Por ello, precisamente, Bush exige la liberación de los presos políticos y la celebración de elecciones libres a la Asamblea Nacional en 2003 para hablar del levantamiento del embargo. En más de cuarenta años de gobierno —si es que se le puede llamar así— Castro ha demostrado hasta la saciedad que cualquier gesto generoso y de buena voluntad que se le dirija desde el exterior lo utiliza y exprime en beneficio y propaganda de su propio poder y el de su camarilla, devolviendo a cambio desplantes, desprecios, insultos y amenazas. Exactamente igual que un matoncete de barrio, cuando recibe visitas, halagos y agasajos, se crece en su despotismo y desprecia a los ingenuos que creen que con diálogo y buenas palabras puede convencerse a alguien cuyas principios supremos son la coacción y la violencia. La norma, más bien, es que quien visita la isla —como ha hecho Carter, y antes que él muchos otros, como Felipe González y, recientemente, Ibarretxe—de la mano del tirano y sin haber adoptado previamente una adecuada profilaxis mental y política, acaba convencido de que Cuba es “el modelo referencial”.

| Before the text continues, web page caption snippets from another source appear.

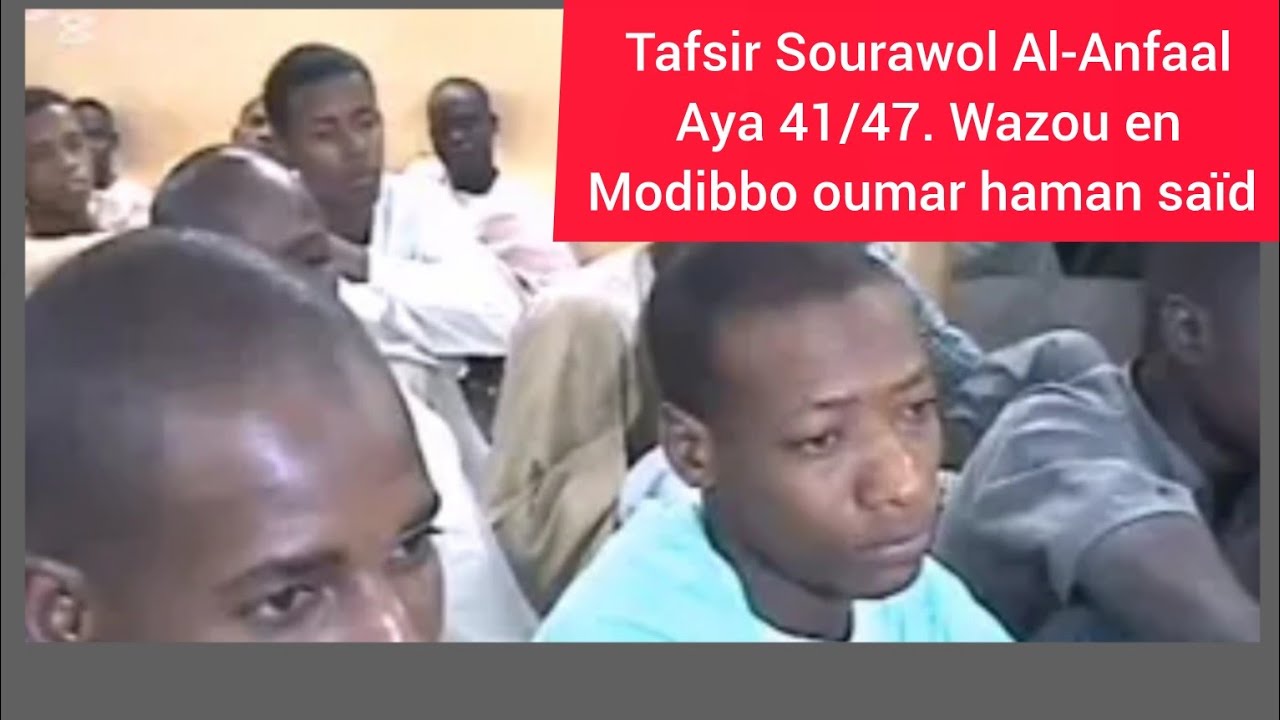 Tafsir Sourawol Al-Anfaal Aya 41/47. Wazou en Modibbo oumar haman saïd 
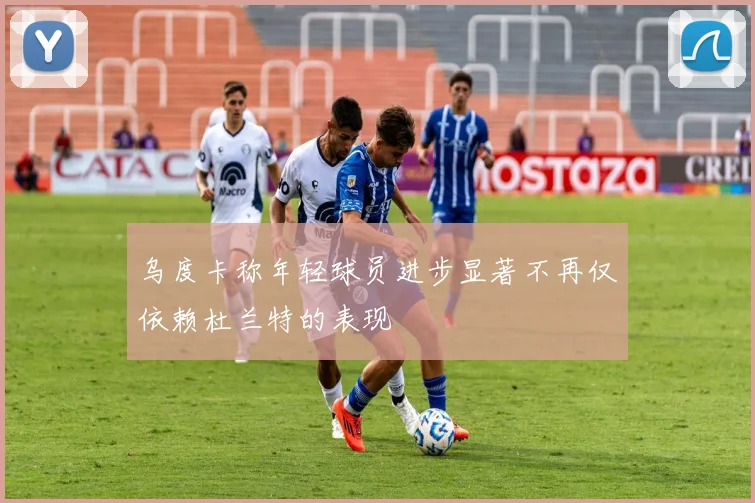乌度卡称年轻球员进步显著不再仅依赖杜兰特的表现
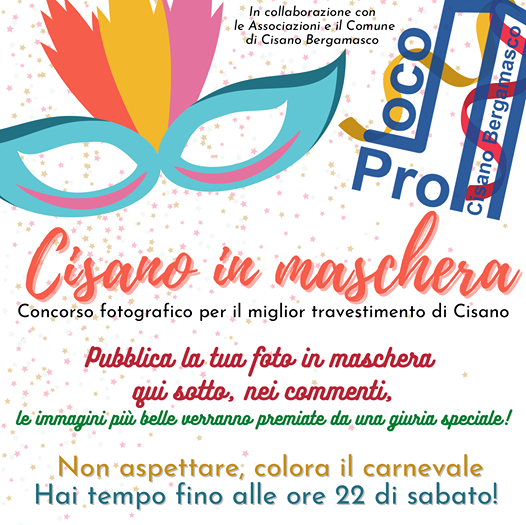 Carnevale 2021, la Pro Loco di Cisano Bergamasco lancia il concorso fotografico sui social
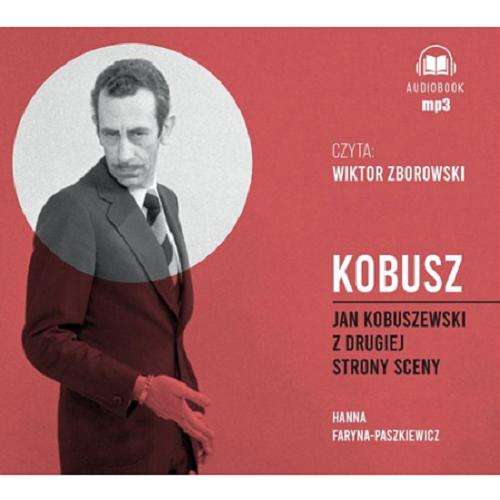 Okładka książki Kobusz : [ Dokument dźwiękowy ] : Jan Kobuszewski z drugiej strony sceny / Hanna Faryna-Paszkiewicz.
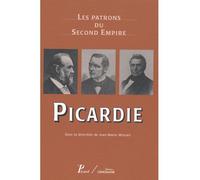 Jean‑Marie Wiscart – Les Patrons du Second Empire. Picardie. – Étude – Tome 10 – Broché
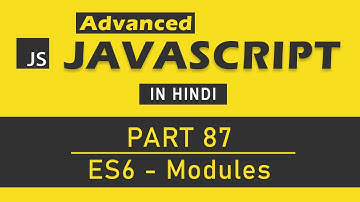 Advanced JavaScript Tutorial in Hindi [Part 87] - Modules in ES6 (JavaScript)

En honor a la verdad, es preciso reconocer que Castro, para mantenerse en el poder durante cuarenta años, ha de tener un extraordinario don para vender mantas y burras viejas. Sin embargo, por mucha pirotecnia verbal y dotes de convicción que posea el tirano caribeño, ya no podrá seguir manteniendo por mucho tiempo un sistema económico que depende, para subalimentar a la población, de los dólares que los cubanos que consiguieron escapar de sus garras envían a sus parientes aún cautivos, del petróleo de Chávez, y de la caridad pública internacional.

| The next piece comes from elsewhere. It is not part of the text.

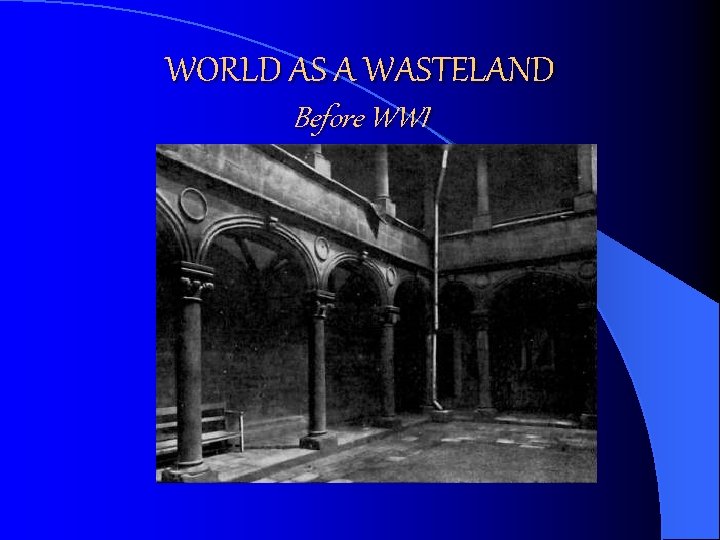 WORLD AS A WASTELAND Before WWI 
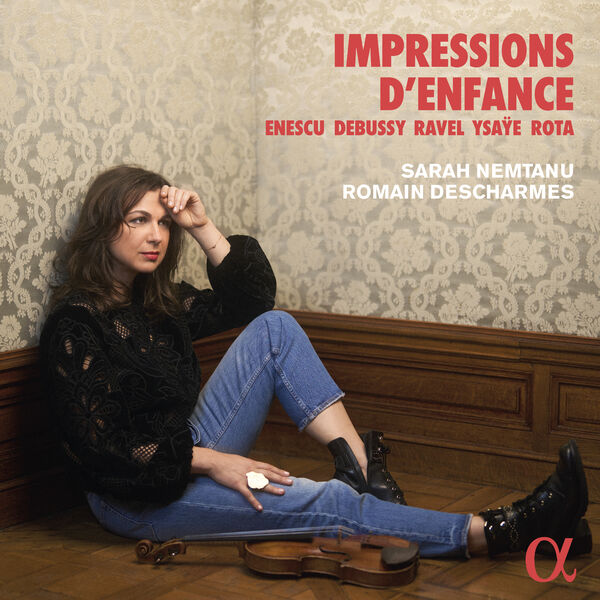 Sarah Nemtanu, Romain Descharmes - Impressions d'enfance (2023) [FLAC 24bit/96kHz] Download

Es posible que el nivel de vida de la población cubana se elevara ligeramente con el restablecimiento de relaciones comerciales con EEUU. Pero lo cierto es que la parte del león se la quedaría la nomenclatura del partido, que controla todo el entramado económico de Cuba y deposita el producto de sus rapiñas (en dólares) lejos de la isla, en países donde todavía existe respeto por la propiedad privada. Por ello, y para evitar que a la muerte de Castro se produzca una situación parecida a la de la Rusia de Yeltsin, las reformas políticas deberían ir precedidas de profundas reformas económicas donde se reconociera abiertamente y sin reservas el derecho a la propiedad y la seguridad y estabilidad en su disfrute.

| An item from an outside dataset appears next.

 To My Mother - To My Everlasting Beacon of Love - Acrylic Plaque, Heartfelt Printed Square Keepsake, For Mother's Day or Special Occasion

Puede decirse, sin temor a equivocarse, que la democracia económica conduce a la democracia política; España es un claro ejemplo. Sin embargo, la proposición inversa —la democracia política traerá la democracia económica— no es necesariamente correcta, y este es, quizá, el único error que se les puede achacar a los estadounidenses como paladines de la libertad y la democracia en el mundo. Tristemente, lo más probable —como la Historia no se cansa de demostrar— es que la democracia política sin propiedad, sometida a los vaivenes de la demagogia y el oportunismo, degenere en alguna versión del totalitarismo. Y es que no hay que olvidar que la represión de los totalitarismos tiene más que ver con los motivos económicos que con los políticos.